- [TASK TO COMPLETE]
Beginning with the first line of the data below, extract each line up to and including the one containing "TOSOKO Korean Popular". Copy them exactly and add nothing.

- [ENTRIES PROVIDED]
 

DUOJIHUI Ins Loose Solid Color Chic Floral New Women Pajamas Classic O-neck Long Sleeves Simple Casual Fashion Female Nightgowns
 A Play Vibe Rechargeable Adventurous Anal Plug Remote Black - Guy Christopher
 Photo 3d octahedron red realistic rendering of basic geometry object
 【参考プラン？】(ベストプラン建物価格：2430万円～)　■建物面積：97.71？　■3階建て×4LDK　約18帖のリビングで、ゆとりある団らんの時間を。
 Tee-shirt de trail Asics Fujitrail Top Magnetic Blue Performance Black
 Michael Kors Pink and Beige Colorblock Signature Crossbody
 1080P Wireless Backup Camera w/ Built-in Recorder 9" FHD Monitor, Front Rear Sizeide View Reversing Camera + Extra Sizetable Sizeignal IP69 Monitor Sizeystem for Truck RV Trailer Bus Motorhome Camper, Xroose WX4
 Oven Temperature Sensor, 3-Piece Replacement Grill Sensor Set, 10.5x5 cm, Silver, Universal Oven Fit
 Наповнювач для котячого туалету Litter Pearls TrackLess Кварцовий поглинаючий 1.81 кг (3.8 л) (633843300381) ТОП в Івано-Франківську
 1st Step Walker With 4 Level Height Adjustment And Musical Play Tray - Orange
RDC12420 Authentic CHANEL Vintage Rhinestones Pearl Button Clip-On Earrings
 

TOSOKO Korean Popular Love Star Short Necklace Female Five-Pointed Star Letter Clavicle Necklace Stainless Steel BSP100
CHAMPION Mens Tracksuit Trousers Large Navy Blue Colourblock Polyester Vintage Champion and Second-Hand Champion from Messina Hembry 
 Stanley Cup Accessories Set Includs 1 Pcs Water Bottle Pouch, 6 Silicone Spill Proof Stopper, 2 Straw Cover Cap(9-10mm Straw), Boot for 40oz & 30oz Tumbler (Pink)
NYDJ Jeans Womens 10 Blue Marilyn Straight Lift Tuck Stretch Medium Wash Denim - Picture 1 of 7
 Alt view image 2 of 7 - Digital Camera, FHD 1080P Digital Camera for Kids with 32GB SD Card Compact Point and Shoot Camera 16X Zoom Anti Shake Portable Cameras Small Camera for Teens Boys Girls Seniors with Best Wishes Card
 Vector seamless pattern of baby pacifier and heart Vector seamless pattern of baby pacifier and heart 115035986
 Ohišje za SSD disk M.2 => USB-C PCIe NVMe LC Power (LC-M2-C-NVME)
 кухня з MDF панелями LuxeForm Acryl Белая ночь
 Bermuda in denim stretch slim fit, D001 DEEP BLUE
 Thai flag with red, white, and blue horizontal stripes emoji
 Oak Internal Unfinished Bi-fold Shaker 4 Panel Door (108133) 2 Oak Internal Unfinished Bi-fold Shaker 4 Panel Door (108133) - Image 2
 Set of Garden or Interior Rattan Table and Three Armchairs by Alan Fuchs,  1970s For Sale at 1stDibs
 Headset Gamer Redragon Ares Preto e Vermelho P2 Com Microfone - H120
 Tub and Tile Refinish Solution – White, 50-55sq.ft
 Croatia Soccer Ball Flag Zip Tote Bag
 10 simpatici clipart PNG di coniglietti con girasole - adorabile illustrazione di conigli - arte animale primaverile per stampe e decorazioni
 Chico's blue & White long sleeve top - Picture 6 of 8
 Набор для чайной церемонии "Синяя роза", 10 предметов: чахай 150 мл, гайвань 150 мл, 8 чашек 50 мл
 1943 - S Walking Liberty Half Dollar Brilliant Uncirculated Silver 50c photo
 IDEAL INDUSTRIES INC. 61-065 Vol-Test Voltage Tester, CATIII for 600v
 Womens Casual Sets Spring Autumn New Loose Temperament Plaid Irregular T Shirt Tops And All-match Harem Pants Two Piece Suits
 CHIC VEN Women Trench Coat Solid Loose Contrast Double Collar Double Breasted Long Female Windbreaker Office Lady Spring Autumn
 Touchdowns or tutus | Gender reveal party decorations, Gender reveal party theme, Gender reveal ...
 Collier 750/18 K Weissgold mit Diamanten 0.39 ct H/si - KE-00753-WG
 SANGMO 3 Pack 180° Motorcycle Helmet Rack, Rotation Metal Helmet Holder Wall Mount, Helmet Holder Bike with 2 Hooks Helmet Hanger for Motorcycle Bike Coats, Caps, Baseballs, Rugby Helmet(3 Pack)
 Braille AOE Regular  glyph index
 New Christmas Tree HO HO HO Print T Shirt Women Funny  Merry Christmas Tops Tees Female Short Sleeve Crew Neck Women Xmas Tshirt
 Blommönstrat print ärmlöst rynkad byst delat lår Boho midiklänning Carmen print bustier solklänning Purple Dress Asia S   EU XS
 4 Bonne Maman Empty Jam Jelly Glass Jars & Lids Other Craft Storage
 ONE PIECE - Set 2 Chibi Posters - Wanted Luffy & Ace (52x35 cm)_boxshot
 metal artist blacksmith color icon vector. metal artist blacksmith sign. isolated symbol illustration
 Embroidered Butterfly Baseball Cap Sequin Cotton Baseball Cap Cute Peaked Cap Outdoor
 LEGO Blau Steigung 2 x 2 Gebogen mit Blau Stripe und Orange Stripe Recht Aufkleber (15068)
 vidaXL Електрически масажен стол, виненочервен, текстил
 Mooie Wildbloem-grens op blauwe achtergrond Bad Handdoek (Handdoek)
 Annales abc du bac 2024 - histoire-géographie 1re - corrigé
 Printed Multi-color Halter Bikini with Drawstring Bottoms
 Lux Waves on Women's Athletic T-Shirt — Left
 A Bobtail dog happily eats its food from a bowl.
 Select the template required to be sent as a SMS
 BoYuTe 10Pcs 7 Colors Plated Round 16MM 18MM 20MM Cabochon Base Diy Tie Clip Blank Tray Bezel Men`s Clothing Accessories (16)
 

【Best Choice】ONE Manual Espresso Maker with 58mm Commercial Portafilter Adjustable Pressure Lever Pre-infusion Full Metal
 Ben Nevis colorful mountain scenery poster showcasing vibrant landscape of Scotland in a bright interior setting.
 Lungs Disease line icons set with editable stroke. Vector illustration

- [WRITTEN RESPONSE]
DUOJIHUI Ins Loose Solid Color Chic Floral New Women Pajamas Classic O-neck Long Sleeves Simple Casual Fashion Female Nightgowns
 A Play Vibe Rechargeable Adventurous Anal Plug Remote Black - Guy Christopher
 Photo 3d octahedron red realistic rendering of basic geometry object
 【参考プラン？】(ベストプラン建物価格：2430万円～)　■建物面積：97.71？　■3階建て×4LDK　約18帖のリビングで、ゆとりある団らんの時間を。
 Tee-shirt de trail Asics Fujitrail Top Magnetic Blue Performance Black
 Michael Kors Pink and Beige Colorblock Signature Crossbody
 1080P Wireless Backup Camera w/ Built-in Recorder 9" FHD Monitor, Front Rear Sizeide View Reversing Camera + Extra Sizetable Sizeignal IP69 Monitor Sizeystem for Truck RV Trailer Bus Motorhome Camper, Xroose WX4
 Oven Temperature Sensor, 3-Piece Replacement Grill Sensor Set, 10.5x5 cm, Silver, Universal Oven Fit
 Наповнювач для котячого туалету Litter Pearls TrackLess Кварцовий поглинаючий 1.81 кг (3.8 л) (633843300381) ТОП в Івано-Франківську
 1st Step Walker With 4 Level Height Adjustment And Musical Play Tray - Orange
RDC12420 Authentic CHANEL Vintage Rhinestones Pearl Button Clip-On Earrings
 

TOSOKO Korean Popular Love Star Short Necklace Female Five-Pointed Star Letter Clavicle Necklace Stainless Steel BSP100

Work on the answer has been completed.